This news post is over 6 years old
 

The Give Me Five Campaign is aimed at securing a £5 a week rise for families in Scotland

Church leaders have backed a third sector campaign which wants child benefit increased.

The Child Poverty Action Group is calling for a £5 weekly top-up to be added to child benefit in Scotland, which it says could result in helping lift up to 30,000 children out of poverty.

The coalition, which includes the Children and Young People’s Commissioner for Scotland, the Church of Scotland, the Scottish Women’s Convention and Wheatley housing group, is holding an official launch this week for the Give Me Five Campaign.

The call is being supported by the Catholic Church and the Church of Scotland. Bishop William Nolan, of the Catholic Church’s justice and peace commission, said: "For a growing number of children, this is not the Scotland of equality, fairness and opportunity that our politicians tell us they wish to achieve.

"I would urge politicians of all parties to support this initiative and act now to reduce the number of our children for whom poverty is destroying their childhood and stifling their future."

Right Rev Dr Derek Browning, moderator of the General Assembly of the Church of Scotland, also backed the call. He said: “The Church of Scotland stands alongside people of all faith traditions, and none, in the move towards fairness for all our children.”

Campaigners say that unless decisive action is taken, child poverty in Scotland will get much worse, with modelling from the Institute of Fiscal Studies (IFS) forecasting a 50% increase in child poverty across the UK by 2020.
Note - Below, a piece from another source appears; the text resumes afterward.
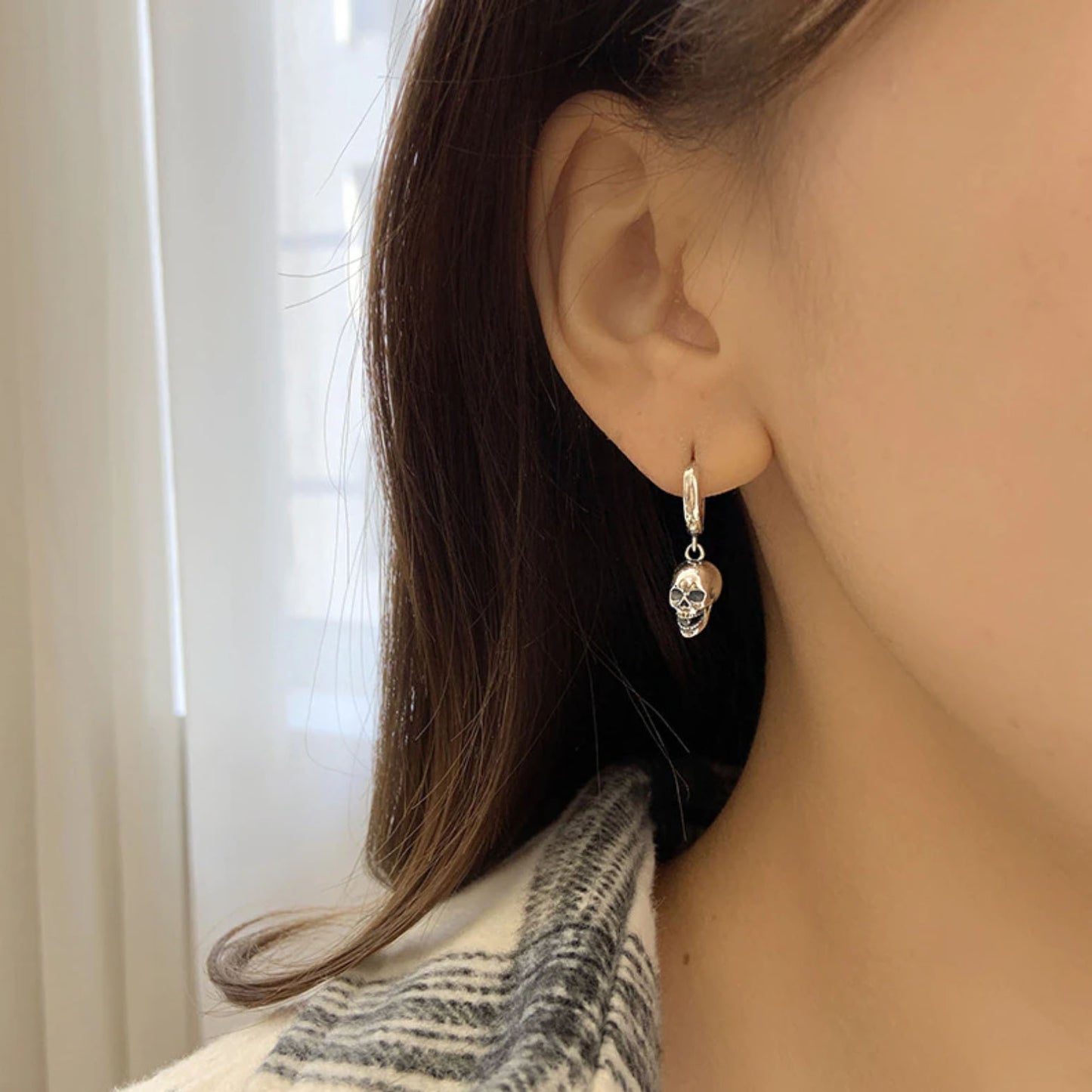 Zapps Little Skull Hoop Earrings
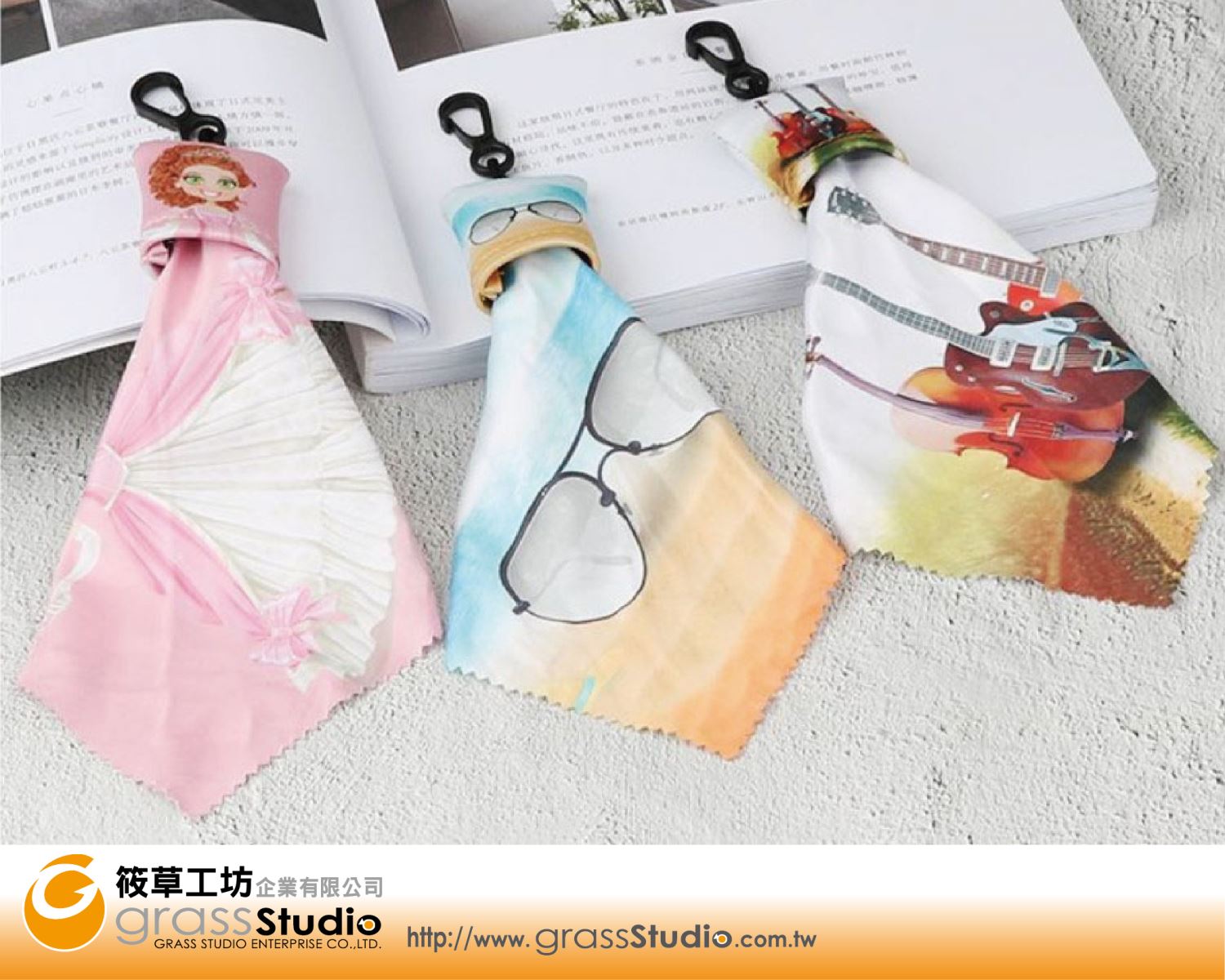 鑰匙扣眼鏡布(鋸齒)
John Dickie, director of the Child Poverty Action Group in Scotland, said: “As a coalition of third sector, civic society and faith groups, the Give Me Five campaign is delighted by the growing support for an increase in child benefit.

“Academic analysis has shown that increasing child benefit by £5 per week per child would help lift 30,000 children out of poverty. That’s why we are calling on MSPs to ensure the 2018/19 budget includes a commitment to use new powers to top up child benefit.”

Child benefit is set at UK level and is currently £20.70 a week for a family’s first child and £13.70 for additional children.

It is available to every family with dependent children where neither parent earns more than £50,000 a year.